(Update with analyst comment, adds detail.)
By Paul Ziobro
Of DOW JONES NEWSWIRES
NEW YORK -(Dow Jones)- Burger King Holdings Inc.'s (BKC) fiscal first-quarter earnings fell 3.2% as high unemployment among the chain's core customers led to declining same-store sales.
Burger King's results fell below Wall Street expectations, in one of the toughest operating environments in memory for the fast-food industry. Global same-store sales fell 2.9% in the latest quarter, including a 4.6% decline in the U.S. and Canada.
"We are clearly not where we want to be as it relates to comparable sales and overall profitability," said Chairman and Chief Executive John Chidsey.
Shares fell 3.1% premarket to $16.75, and have lost nearly 30% this year, the worst performer among large restaurant companies.
Burger King's sales woes have been amplified by a price war in the fast food space, as competitors bid for a shrinking pool of customers. After battling with some franchise owners, Burger King last week began selling its $1 double cheeseburger nationwide, though analysts say the chain needs a big boost in traffic to make up for lost margins.
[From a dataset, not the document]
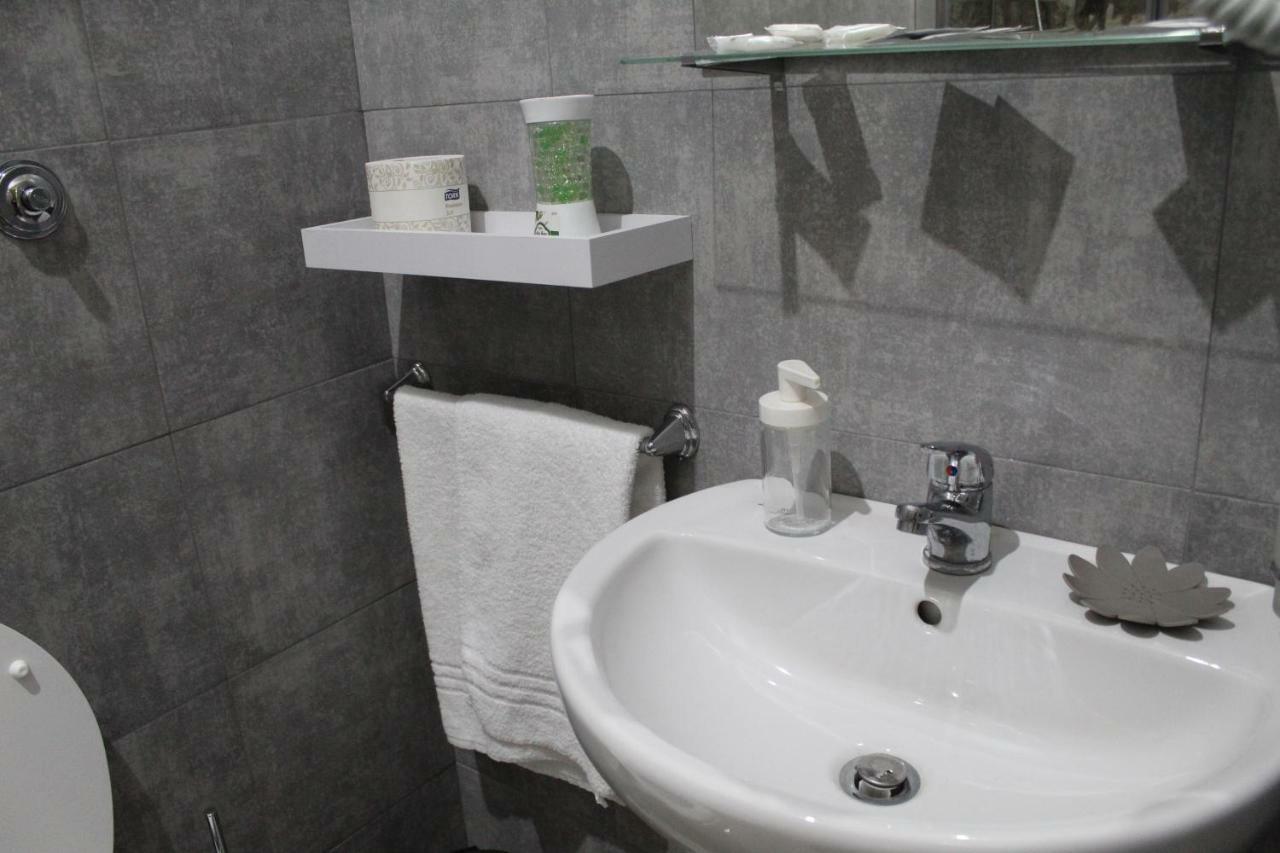 Royalty Rooms & Spa Napoli Esterno foto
In a tug-of-war for market share, getting customers in the door is key.
"We're hopeful that traffic trends continue to improve as they increase the level of discounting," Telsey Advisory Group analyst Tom Forte said.
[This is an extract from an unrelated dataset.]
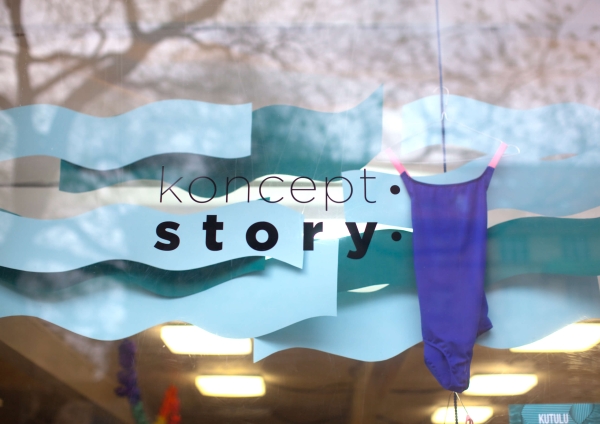 propojení obchodu s ateliérem a živé aukce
The chain has been struggling to strike the right price focus this year after failing to step into the value game soon enough.
At the same-time, fast-food players are rolling out premium products, with McDonald's Corp. (MCD) and Wendy's, of Wendy's/Arby's Group Inc. (WEN), both recently launching new burgers. Burger King plans its premium push starting earlier next year.
McDonald's has been gobbling up market share, albeit for a smaller pie, as customers eat out less. However, even McDonald's expects little, if any, growth this month.
For the quarter ended Sept. 30, Burger King reported a profit of $46.6 million, or 34 cents a share, down from $50 million, or 36 cents, a year earlier. The latest period included a two cents charge due to currency translation, while the prior year included acquisition-related costs of 2 cents.
Revenue decreased 5% to $636.9 million, with same-store sales rising 1% in the region encompassing Europe, the Middle East, Africa and Asia Pacific and 4.6% in Latin America.
Analysts polled by Thomson Reuters most recently forecast earnings of 37 cents on revenue of $653 million.
Global restaurant margins improved to 13% from 12.6% on lower costs for food, paper and other goods.
Burger King mostly held its fiscal 2010 guidance in tact but said it expected general and administrative expenses at the high end of its range. It also now expects the weak U.S. dollar to provide an overall boost to earnings.